玄関のドアスコープから女性の着替えを盗撮。単眼鏡を悪用した手口が明らかに
玄関ドアのドアスコープ(のぞき穴)から、室内がのぞかれたり、盗撮されたりする被害が各地で起きている。本来は外から見えない構造になっているが、美術鑑賞などで使われる単眼鏡(小型望遠鏡)を悪用する手口がネットで拡散。気づかないまま被害に遭っているケースが多いとみられ、専門家は小物で穴を塞ぐなどの対策を呼びかけている。
被害気づかず
「ネットで盗撮する方法を知り、ストレス発散のためにやった」
京都府内のマンションで2020年9月、玄関のドアスコープから室内で着替えていた女性を盗撮したとして昨年8月に府迷惑防止条例違反などで起訴された府内の男(42)は、読売新聞の取材に、消え入るような声で話した。
起訴状や検察側の冒頭陳述などによると、男は女性宅前の通路からドアスコープに単眼鏡を取り付け、スマートフォンのカメラで動画を撮影。自分の好みの女性を探すため、別のマンションも巡ってのぞきを繰り返していたという。
昨年12月に京都地裁で開かれた公判で、男は「多い時は週2回、仕事帰りにのぞいていた」と説明。女性は男と面識がなく、府警が捜査するまで被害に気づいていなかったという。
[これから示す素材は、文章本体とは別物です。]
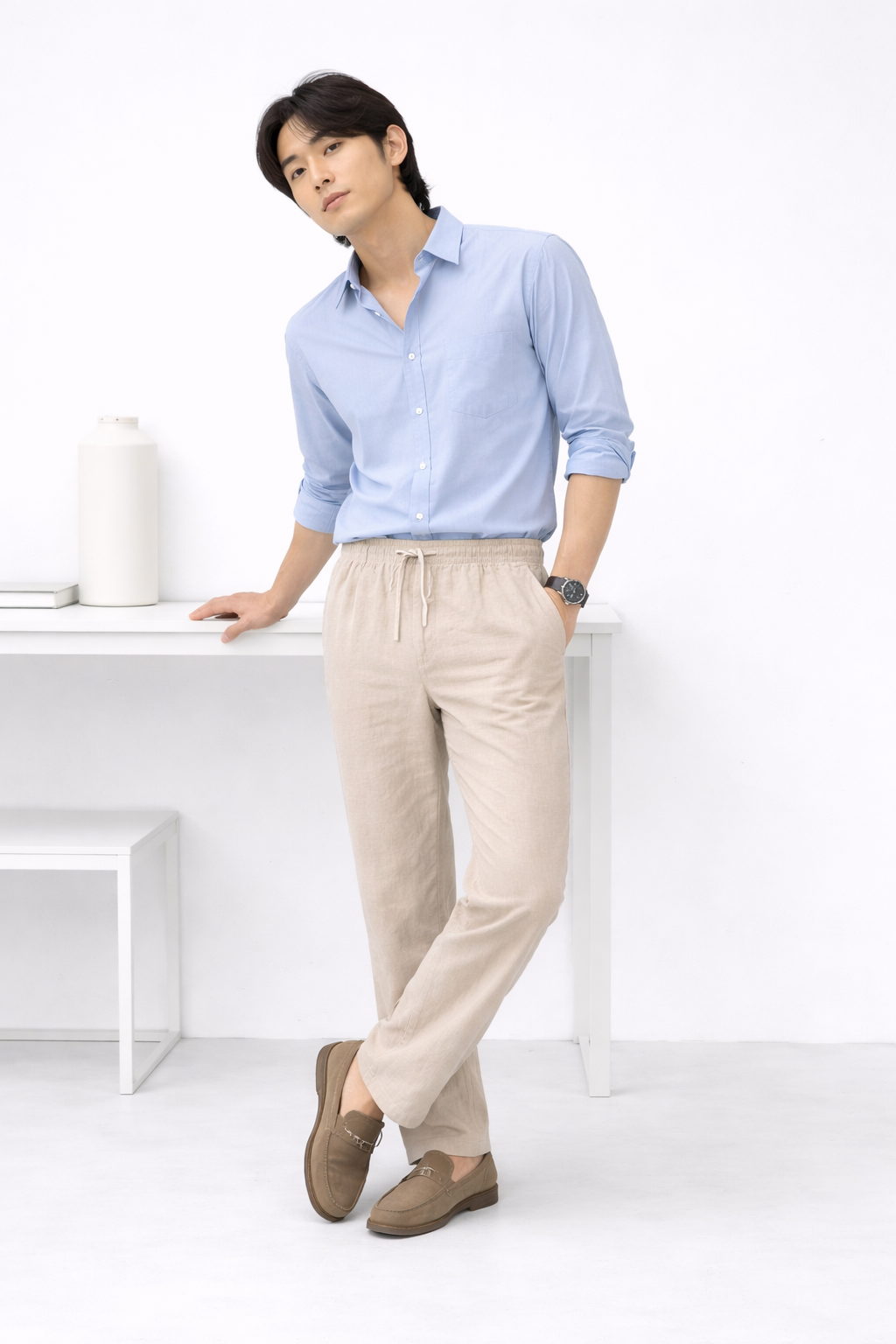H&M RELAXED FIT LINEN PANTS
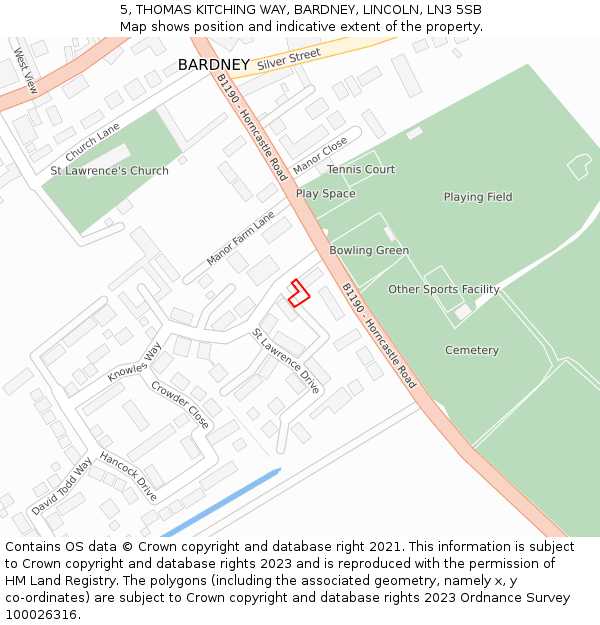 5, THOMAS KITCHING WAY, BARDNEY, LINCOLN, LN3 5SB: Location map and indicative extent of plot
男は今年1月、懲役2年、保護観察付き執行猶予4年(求刑・懲役2年)の有罪判決を言い渡された。男は取材に「簡単なのではまってしまった。被害者に申し訳ないことをした」と謝罪した。
なぜ見える?
ドアスコープは、室内から訪問者の姿を確認するためのものだ。光の屈折を利用して広範囲が見られる魚眼レンズが使われ、外側からはほぼ見えない仕組みだ。
しかし、同じような構造の単眼鏡の接眼部をドアスコープにあてると光の屈折が相殺され、通常のガラスのように、外側から室内が見通せるようになるという。こうした手口はネット上で広く紹介され、警察幹部は「摘発は氷山の一角で、今後さらに被害が増える可能性がある」と語る。